Methodology

How the data gets here, and why you can trust it.

01Sources

Three primary feeds

We pull from three federal sources. The Federal Register API for NOIs, NOAs, and procedural notices. The EPA EIS database for full DEISs and FEISs. Regulations.gov for the public comments tied to each docket.

Every record keeps a stable source ID. Re-running an adapter merges fresh metadata in place. Nothing is invented.

02Freshness

6-hour cadence

All three feeds re-ingest every six hours. New NOIs appear in the home table within hours of publication, not weeks. The footer shows the last successful ingest.

03Deduplication

Embedding kNN + adjudication

A single project rarely appears once. The same NEPA action surfaces as an NOI in the Federal Register, then a DEIS in the EPA database, then an NOA in the Federal Register again, plus a docket on regulations.gov. We merge them.

New documents are embedded and matched by cosine distance against the centroids of existing projects. Clean matches fold in. Ambiguous distances run through a Sonnet adjudication step. Genuinely unclear cases land in a manual review queue rather than guessing.

04AI grounding

Every claim has a citation

Briefs and comment clusters are generated from the source PDFs, not from training data. Each line has a footnote pointing back to a specific section, page range, or comment paragraph.

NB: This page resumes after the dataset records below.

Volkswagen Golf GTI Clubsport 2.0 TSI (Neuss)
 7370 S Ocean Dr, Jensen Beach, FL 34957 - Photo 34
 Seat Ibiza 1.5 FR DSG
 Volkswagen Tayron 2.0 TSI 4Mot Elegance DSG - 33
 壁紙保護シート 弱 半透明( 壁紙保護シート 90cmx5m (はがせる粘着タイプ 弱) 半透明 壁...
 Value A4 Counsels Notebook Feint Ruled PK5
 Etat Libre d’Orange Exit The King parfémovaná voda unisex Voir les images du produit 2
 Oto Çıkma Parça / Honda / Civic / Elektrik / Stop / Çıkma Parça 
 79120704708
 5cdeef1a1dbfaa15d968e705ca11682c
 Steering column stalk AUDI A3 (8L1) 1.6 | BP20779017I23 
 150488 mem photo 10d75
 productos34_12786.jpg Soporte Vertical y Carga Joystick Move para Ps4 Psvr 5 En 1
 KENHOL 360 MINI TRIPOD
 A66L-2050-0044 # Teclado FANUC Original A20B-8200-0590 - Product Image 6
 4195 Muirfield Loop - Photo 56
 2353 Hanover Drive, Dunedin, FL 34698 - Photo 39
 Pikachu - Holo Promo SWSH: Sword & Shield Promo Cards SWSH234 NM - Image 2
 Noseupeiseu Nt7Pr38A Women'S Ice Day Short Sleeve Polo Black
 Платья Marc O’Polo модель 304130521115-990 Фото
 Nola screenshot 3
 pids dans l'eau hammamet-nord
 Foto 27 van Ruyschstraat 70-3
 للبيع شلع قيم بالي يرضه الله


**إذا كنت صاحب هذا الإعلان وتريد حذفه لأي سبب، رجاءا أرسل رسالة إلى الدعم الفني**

If we can't ground a claim, we don't write it.

Every AI summary on envirodocket links its claims to a verbatim source quote. Click a footnote in any brief to see the literal text from the source filing, with a deep link to the page in the original PDF. The AI does the synthesis, but nothing is paraphrased without an audit trail you can verify in one click.

05Anti-slop prose

Practitioner-edited

A NEPA practitioner reviewed the brief template. We stripped the AI tells: filler intros, "stands as a testament," symmetric three-item lists, and em-dashes. Briefs use a fixed five-paragraph structure so the same project gets the same shape every time.

06What we don't do

Yet

State NEPA equivalents (CEQA, SEQRA, MEPA) are not covered. Tribal consultations and FOIA filings are not indexed. Litigation tracking and sub-NEPA categorical exclusions are out of scope for v0.